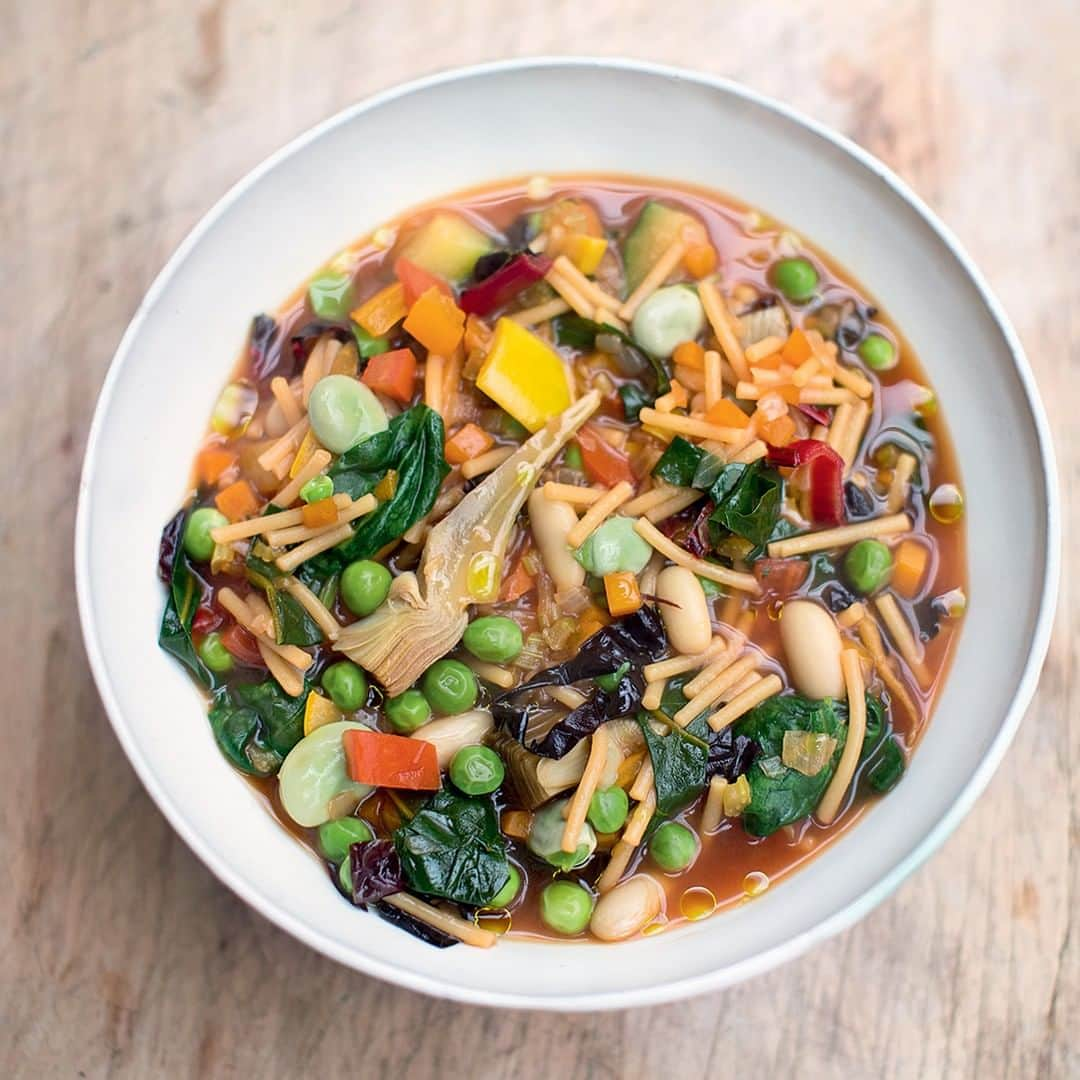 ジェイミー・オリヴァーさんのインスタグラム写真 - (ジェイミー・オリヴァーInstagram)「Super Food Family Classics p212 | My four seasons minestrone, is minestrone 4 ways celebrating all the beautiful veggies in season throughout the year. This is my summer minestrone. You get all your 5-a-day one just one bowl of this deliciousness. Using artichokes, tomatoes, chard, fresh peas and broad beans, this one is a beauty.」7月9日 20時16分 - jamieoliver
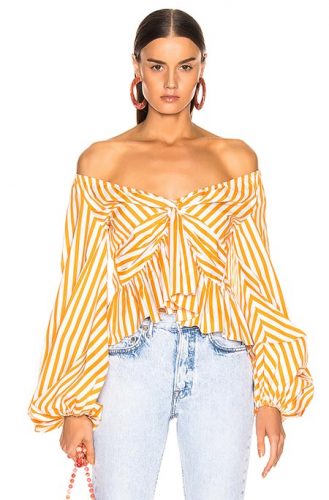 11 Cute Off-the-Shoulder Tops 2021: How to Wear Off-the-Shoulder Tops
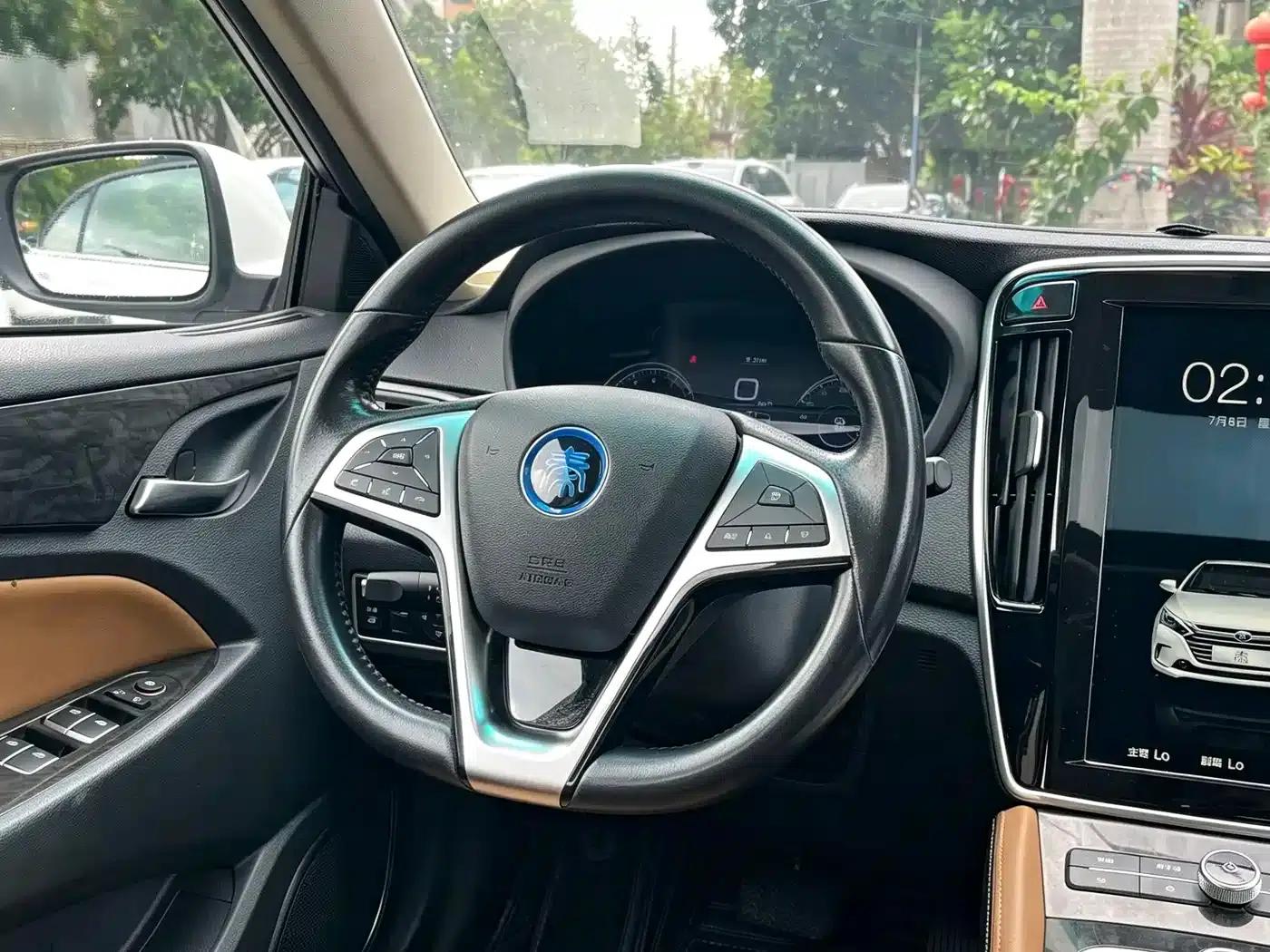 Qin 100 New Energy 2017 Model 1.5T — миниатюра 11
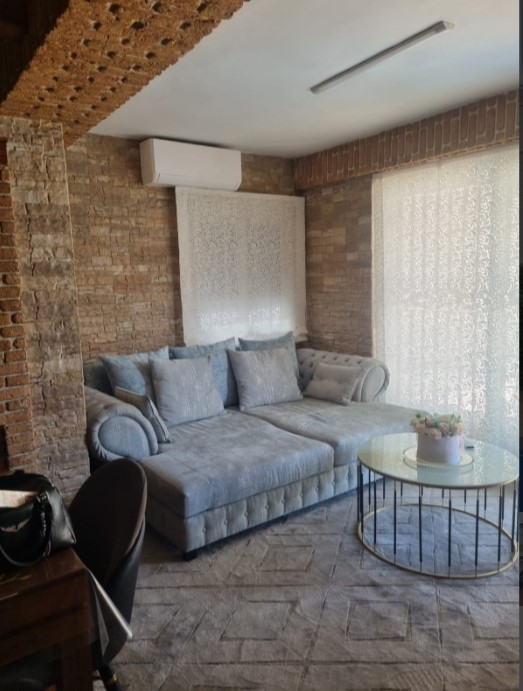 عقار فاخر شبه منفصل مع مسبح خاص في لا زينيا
※ ※ ※
▶ **Action item**:
Reproduce word for word the lines from the one containing "Qin 100 New" through the end of the data, both ends kept. Drop the pictures.

▶ **Finished task**:
 Qin 100 New Energy 2017 Model 1.5T — миниатюра 11
 عقار فاخر شبه منفصل مع مسبح خاص في لا زينيا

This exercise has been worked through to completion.